Repercussões e Próximos Passos no Cenário Político
O arquivamento da ação contra Jair Bolsonaro no STF sobre a CPI da Covid-19 adiciona mais um capítulo às complexas relações entre os poderes Executivo, Legislativo e Judiciário durante o período da pandemia. A decisão reforça a posição de que, em algumas situações, diálogos informais e opiniões pessoais, mesmo que envolvendo figuras políticas de alto escalão, podem não configurar crimes passíveis de investigação formal.
Para o PSOL, a decisão pode gerar questionamentos sobre a atuação da PGR e a interpretação do princípio acusatório. É possível que o partido busque outras vias ou estratégias para contestar a decisão, embora o arquivamento no STF, com base no parecer da PGR, tenda a ser uma decisão final em relação a essa matéria específica. A atuação do partido em fiscalizar o poder público e apresentar denúncias, no entanto, deve continuar.

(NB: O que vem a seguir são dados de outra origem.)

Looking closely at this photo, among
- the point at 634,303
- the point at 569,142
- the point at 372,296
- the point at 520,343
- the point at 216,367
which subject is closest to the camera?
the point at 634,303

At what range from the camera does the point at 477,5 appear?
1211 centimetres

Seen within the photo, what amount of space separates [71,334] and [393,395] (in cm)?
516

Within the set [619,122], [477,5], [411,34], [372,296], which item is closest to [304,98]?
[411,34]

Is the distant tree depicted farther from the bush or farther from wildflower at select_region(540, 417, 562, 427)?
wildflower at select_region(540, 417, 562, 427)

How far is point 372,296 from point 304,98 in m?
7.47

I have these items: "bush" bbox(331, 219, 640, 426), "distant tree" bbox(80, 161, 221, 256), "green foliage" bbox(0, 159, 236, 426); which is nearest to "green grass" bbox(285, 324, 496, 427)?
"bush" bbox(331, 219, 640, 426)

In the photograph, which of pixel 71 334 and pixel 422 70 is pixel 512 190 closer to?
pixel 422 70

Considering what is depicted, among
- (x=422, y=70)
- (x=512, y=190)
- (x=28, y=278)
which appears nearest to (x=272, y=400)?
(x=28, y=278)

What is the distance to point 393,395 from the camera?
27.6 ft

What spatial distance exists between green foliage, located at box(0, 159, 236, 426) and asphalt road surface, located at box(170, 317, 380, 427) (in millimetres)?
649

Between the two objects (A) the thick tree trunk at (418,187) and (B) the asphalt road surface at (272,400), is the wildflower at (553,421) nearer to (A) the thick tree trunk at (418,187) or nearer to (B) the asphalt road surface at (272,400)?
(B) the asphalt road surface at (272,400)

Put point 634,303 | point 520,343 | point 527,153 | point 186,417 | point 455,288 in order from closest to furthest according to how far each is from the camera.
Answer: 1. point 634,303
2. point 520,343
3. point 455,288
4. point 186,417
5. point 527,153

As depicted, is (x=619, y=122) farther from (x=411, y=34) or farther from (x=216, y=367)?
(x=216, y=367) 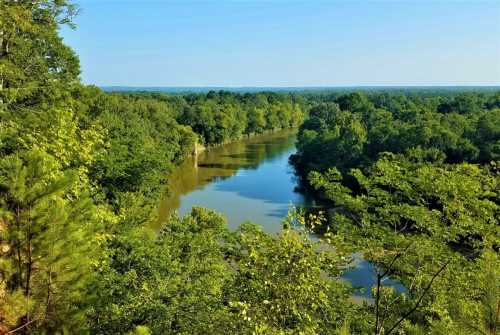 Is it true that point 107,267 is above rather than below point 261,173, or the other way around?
above

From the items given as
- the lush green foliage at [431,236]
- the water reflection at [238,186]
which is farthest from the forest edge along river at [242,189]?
the lush green foliage at [431,236]

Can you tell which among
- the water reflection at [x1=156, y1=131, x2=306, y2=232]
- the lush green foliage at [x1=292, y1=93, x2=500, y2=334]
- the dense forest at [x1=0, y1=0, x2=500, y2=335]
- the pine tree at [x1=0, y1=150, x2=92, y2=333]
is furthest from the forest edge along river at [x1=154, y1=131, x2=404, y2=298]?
the pine tree at [x1=0, y1=150, x2=92, y2=333]

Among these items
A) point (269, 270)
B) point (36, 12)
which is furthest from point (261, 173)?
point (269, 270)

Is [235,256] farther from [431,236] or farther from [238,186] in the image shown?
[238,186]

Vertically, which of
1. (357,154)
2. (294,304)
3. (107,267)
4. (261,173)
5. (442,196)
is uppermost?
(442,196)

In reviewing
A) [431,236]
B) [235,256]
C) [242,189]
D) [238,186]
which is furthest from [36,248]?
[238,186]

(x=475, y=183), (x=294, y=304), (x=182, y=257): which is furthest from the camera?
(x=182, y=257)

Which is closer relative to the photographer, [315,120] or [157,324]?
[157,324]

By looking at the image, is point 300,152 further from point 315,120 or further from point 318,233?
point 318,233

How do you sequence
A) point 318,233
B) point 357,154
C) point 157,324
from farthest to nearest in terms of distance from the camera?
point 357,154
point 318,233
point 157,324

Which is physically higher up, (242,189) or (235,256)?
(235,256) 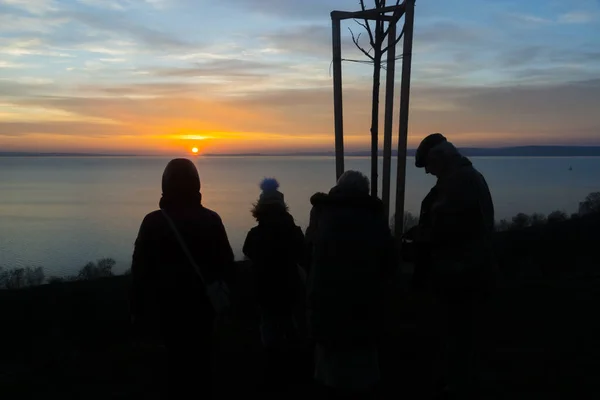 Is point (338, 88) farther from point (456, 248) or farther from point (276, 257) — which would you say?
point (456, 248)

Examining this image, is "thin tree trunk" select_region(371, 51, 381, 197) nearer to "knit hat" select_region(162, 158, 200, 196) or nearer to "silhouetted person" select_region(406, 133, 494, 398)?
"silhouetted person" select_region(406, 133, 494, 398)

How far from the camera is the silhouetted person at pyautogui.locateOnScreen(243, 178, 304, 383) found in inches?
204

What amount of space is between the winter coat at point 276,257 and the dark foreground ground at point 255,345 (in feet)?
1.99

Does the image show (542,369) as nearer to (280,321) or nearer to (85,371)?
(280,321)

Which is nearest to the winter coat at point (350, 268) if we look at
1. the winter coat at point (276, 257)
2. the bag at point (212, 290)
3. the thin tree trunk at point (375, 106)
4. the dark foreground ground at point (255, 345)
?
the dark foreground ground at point (255, 345)

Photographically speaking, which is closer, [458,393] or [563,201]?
[458,393]

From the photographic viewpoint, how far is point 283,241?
5168mm

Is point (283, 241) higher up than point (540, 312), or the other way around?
point (283, 241)

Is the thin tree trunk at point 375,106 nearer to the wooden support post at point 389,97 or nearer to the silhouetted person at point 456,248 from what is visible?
the wooden support post at point 389,97

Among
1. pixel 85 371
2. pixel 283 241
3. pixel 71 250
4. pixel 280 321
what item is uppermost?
pixel 283 241

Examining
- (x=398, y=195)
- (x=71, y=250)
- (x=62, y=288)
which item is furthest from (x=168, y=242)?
(x=71, y=250)

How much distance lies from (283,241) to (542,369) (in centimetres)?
239

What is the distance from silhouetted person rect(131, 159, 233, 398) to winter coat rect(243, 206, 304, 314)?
1.14 meters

No cenário político mais amplo, o arquivamento pode ser interpretado de diferentes formas pelos diversos grupos. Para os apoiadores de Bolsonaro, reforça a narrativa de perseguição política. Para os opositores, pode ser visto como uma falha na responsabilização. O caso, contudo, se encerra no âmbito judicial federal, mas as discussões sobre a conduta de agentes públicos durante a pandemia e a atuação das instituições certamente continuarão a pautar o debate público.
O Que é Advocacia Administrativa e Corrupção Ativa?

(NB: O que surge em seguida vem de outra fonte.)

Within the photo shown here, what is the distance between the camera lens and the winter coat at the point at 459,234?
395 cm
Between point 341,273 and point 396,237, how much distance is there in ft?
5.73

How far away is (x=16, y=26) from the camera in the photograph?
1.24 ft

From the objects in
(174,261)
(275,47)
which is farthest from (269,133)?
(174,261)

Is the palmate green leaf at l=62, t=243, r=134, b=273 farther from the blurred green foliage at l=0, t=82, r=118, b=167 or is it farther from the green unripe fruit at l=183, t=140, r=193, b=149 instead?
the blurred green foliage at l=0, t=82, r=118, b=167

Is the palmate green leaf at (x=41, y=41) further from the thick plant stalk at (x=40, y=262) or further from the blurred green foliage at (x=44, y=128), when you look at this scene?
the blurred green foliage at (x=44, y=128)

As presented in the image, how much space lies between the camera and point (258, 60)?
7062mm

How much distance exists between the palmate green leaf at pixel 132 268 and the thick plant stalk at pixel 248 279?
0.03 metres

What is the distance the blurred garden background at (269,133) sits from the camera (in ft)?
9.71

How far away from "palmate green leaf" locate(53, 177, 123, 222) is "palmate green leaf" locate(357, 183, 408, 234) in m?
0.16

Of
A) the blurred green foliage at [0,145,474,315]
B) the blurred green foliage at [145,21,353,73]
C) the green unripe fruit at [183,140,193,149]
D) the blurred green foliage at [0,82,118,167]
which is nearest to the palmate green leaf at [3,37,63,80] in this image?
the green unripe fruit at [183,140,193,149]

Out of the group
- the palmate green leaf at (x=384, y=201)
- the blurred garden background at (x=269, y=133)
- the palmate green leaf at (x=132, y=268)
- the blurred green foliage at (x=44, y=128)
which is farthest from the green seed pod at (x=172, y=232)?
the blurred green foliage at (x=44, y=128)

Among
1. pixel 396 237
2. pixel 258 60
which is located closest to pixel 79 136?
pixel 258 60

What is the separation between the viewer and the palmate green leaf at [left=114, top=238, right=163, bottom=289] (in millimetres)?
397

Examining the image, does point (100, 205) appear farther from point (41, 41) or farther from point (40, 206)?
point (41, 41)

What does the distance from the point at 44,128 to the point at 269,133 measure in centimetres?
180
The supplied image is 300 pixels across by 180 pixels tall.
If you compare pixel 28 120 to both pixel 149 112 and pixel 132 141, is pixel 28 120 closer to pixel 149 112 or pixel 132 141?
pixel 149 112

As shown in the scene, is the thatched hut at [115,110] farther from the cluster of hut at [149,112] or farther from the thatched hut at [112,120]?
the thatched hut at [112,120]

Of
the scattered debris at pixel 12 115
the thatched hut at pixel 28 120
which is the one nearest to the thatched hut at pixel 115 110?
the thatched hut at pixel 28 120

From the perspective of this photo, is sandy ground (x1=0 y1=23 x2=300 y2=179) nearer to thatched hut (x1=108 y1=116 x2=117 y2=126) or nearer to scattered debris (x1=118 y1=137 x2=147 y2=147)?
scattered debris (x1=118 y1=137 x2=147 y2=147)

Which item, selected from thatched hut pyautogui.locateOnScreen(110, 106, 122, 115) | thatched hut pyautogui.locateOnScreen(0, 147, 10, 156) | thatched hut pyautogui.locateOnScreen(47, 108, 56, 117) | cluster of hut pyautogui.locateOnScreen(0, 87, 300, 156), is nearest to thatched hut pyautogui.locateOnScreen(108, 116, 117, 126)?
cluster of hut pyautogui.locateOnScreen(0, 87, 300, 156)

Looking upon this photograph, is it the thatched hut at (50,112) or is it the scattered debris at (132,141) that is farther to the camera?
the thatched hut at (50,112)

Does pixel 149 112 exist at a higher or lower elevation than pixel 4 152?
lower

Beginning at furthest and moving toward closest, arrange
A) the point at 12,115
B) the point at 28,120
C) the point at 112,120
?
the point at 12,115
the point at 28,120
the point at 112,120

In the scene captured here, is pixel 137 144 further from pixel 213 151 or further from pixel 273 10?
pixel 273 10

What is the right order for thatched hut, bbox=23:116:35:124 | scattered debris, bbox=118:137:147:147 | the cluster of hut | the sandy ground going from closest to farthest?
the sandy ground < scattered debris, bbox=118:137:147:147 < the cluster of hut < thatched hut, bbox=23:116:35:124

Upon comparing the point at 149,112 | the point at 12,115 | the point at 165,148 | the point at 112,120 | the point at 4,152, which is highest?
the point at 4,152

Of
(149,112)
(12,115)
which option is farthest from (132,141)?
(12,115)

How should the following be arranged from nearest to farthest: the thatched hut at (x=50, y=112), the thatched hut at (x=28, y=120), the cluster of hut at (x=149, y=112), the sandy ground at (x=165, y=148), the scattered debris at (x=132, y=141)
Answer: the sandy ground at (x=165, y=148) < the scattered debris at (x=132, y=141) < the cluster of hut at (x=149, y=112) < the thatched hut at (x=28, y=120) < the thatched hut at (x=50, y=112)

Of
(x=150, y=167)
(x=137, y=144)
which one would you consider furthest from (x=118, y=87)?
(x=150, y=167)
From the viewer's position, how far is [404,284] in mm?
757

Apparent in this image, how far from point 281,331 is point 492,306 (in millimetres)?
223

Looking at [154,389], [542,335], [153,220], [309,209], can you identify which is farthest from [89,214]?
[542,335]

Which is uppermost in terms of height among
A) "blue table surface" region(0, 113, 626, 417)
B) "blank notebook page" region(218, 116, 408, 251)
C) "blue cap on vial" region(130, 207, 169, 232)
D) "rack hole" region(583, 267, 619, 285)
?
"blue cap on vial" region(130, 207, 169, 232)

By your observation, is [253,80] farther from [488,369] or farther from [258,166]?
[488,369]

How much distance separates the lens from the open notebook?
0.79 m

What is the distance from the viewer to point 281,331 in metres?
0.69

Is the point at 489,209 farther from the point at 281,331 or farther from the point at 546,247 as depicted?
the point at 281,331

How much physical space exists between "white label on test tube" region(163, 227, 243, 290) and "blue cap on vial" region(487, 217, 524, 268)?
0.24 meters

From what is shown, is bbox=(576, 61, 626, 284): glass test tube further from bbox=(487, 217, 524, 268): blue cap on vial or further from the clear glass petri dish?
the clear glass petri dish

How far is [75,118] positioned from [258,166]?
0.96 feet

Para compreender a decisão do STF e a ação do PSOL, é importante entender os crimes de advocacia administrativa e corrupção ativa. A advocacia administrativa, prevista no Código Penal Brasileiro, ocorre quando um funcionário público patrocina, direta ou indiretamente, interesse privado perante a Administração Pública, valendo-se da sua qualidade de funcionário. Ou seja, um servidor público usa sua posição para defender interesses particulares.
Já a corrupção ativa acontece quando um particular oferece ou promete vantagem indevida a funcionário público, para determiná-lo a praticar, omitir ou retardar ato de ofício. No contexto da acusação contra Bolsonaro, o PSOL alegava que o ex-presidente, ao tentar influenciar a CPI e pressionar o STF, estaria oferecendo ou prometendo algo (direta ou indiretamente) em troca de ações ou omissões de autoridades, configurando assim a corrupção ativa. A PGR, no entanto, não encontrou elementos que sustentassem essa tese.

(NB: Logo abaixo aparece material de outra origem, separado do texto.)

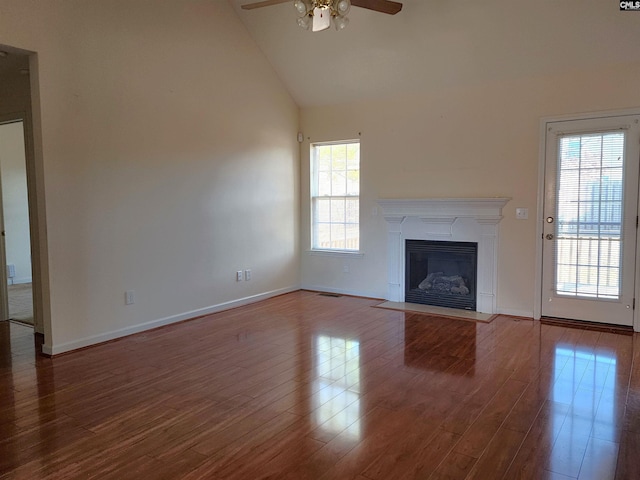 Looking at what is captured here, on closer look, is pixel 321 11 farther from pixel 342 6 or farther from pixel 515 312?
pixel 515 312

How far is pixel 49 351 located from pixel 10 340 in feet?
2.88

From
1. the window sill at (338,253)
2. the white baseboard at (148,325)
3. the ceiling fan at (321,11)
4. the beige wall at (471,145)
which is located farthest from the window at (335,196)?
the ceiling fan at (321,11)

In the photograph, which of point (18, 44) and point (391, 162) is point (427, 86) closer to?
point (391, 162)

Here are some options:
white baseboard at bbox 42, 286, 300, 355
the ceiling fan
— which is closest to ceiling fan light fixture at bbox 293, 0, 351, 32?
the ceiling fan

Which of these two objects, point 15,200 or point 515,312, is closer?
point 515,312

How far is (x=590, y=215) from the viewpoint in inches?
187

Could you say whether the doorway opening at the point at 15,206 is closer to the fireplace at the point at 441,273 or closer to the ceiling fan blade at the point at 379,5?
the fireplace at the point at 441,273

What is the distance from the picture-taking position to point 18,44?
360cm

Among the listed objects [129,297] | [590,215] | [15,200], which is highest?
[15,200]

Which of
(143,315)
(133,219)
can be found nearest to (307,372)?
(143,315)

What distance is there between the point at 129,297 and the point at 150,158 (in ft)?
4.59

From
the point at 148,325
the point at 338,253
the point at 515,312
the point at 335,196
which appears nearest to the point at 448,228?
the point at 515,312

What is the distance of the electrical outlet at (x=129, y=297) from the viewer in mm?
4496

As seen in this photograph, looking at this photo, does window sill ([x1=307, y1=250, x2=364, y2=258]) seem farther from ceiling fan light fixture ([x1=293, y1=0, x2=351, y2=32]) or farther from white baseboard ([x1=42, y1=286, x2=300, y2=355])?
ceiling fan light fixture ([x1=293, y1=0, x2=351, y2=32]) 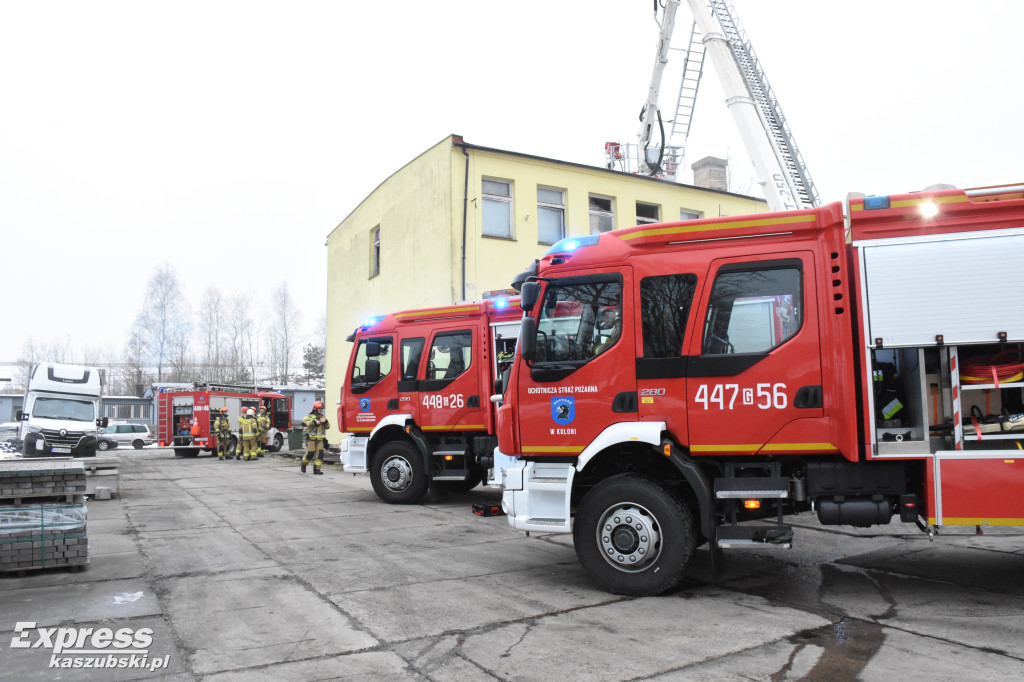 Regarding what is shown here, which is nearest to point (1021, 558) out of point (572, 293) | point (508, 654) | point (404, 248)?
point (572, 293)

A interpretação desses crimes é complexa e depende da análise detalhada das provas e do contexto. A decisão de Nunes Marques, ao arquivar a ação, indicou que, na visão da PGR e posteriormente do ministro, a conversa telefônica em questão não se enquadrava nas definições legais desses crimes, sendo considerada uma troca de opiniões privadas.